## Problem to solve
For the entries below, repeat exactly each line starting with the one that contains "رقم الهاتف : *********** بغداد, العراق" and going on through the one that contains "Photo #2: 41101007 Listing", and no others.

╭─ Data listing

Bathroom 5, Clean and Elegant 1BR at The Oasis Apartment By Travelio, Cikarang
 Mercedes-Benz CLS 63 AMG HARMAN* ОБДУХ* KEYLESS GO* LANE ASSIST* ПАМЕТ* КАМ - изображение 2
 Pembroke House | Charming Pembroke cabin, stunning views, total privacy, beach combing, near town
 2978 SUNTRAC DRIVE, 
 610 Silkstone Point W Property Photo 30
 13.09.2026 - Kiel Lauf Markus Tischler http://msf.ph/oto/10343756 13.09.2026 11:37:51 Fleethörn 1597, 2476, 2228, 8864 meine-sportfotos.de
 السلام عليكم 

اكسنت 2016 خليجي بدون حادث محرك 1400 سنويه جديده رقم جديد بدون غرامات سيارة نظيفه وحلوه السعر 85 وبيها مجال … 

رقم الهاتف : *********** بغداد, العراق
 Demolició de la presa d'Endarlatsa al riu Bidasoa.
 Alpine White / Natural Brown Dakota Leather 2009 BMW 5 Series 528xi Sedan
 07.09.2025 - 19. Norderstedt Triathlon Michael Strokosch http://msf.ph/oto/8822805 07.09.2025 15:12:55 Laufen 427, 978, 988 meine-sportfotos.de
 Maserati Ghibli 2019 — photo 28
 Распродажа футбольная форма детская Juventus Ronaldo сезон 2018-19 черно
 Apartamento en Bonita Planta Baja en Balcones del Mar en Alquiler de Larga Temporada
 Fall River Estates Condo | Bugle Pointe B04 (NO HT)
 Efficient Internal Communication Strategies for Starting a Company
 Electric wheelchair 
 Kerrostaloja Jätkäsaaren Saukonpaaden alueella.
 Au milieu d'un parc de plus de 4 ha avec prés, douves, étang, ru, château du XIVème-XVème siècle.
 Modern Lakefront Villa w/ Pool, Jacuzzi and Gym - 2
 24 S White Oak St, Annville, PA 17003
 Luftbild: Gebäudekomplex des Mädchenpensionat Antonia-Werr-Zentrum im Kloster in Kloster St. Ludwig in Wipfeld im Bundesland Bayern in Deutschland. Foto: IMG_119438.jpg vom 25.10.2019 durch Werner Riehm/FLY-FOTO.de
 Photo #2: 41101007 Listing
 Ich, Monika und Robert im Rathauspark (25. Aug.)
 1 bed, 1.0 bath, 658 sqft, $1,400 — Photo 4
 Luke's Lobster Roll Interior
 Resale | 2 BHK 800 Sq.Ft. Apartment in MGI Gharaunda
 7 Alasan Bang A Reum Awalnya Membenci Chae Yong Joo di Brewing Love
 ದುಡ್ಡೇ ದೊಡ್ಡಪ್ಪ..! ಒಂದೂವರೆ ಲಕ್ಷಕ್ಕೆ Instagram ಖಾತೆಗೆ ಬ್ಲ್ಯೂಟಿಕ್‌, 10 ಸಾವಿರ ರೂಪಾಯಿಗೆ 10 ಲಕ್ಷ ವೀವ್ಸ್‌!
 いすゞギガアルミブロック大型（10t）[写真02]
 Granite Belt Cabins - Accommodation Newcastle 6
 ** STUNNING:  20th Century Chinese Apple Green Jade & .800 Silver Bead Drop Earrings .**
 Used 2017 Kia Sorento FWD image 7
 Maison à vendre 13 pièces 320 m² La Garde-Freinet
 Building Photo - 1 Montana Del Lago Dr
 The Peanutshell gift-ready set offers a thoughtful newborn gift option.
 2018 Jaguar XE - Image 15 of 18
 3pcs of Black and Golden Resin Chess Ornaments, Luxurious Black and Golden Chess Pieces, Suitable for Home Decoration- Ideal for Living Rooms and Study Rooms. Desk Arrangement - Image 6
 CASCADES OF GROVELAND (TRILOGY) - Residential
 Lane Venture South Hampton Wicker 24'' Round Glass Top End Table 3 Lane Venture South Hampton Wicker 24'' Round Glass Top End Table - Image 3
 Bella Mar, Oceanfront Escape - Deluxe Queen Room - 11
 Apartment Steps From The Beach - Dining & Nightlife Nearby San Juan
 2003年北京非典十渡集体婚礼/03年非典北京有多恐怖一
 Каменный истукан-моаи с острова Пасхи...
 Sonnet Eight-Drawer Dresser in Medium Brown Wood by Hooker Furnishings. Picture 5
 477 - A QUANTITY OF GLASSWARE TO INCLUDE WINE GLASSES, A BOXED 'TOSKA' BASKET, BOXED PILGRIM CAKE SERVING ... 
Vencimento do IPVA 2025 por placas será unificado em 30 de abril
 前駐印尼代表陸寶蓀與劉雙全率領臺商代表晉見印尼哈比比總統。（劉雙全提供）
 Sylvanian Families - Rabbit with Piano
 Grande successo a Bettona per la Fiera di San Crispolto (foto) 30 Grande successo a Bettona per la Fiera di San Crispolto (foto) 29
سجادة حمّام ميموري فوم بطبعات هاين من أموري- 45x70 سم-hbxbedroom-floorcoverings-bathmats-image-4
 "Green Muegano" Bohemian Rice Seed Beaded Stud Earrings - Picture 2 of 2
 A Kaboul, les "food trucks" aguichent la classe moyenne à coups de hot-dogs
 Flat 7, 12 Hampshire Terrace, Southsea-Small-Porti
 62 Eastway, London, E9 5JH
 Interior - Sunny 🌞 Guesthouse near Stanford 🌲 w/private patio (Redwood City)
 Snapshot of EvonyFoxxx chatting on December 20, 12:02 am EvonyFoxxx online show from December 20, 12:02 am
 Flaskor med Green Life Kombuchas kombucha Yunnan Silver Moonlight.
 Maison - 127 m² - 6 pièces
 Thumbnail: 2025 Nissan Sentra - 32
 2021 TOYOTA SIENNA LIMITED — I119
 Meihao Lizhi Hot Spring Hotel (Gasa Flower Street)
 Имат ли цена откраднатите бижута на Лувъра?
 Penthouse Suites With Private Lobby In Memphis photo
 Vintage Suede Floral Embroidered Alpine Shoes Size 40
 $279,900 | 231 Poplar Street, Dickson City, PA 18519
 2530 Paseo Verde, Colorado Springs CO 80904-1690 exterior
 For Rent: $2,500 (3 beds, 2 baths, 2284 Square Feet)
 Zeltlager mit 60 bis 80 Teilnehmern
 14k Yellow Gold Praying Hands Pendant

╰─

## The answer
رقم الهاتف : *********** بغداد, العراق
 Demolició de la presa d'Endarlatsa al riu Bidasoa.
 Alpine White / Natural Brown Dakota Leather 2009 BMW 5 Series 528xi Sedan
 07.09.2025 - 19. Norderstedt Triathlon Michael Strokosch http://msf.ph/oto/8822805 07.09.2025 15:12:55 Laufen 427, 978, 988 meine-sportfotos.de
 Maserati Ghibli 2019 — photo 28
 Распродажа футбольная форма детская Juventus Ronaldo сезон 2018-19 черно
 Apartamento en Bonita Planta Baja en Balcones del Mar en Alquiler de Larga Temporada
 Fall River Estates Condo | Bugle Pointe B04 (NO HT)
 Efficient Internal Communication Strategies for Starting a Company
 Electric wheelchair 
 Kerrostaloja Jätkäsaaren Saukonpaaden alueella.
 Au milieu d'un parc de plus de 4 ha avec prés, douves, étang, ru, château du XIVème-XVème siècle.
 Modern Lakefront Villa w/ Pool, Jacuzzi and Gym - 2
 24 S White Oak St, Annville, PA 17003
 Luftbild: Gebäudekomplex des Mädchenpensionat Antonia-Werr-Zentrum im Kloster in Kloster St. Ludwig in Wipfeld im Bundesland Bayern in Deutschland. Foto: IMG_119438.jpg vom 25.10.2019 durch Werner Riehm/FLY-FOTO.de
 Photo #2: 41101007 Listing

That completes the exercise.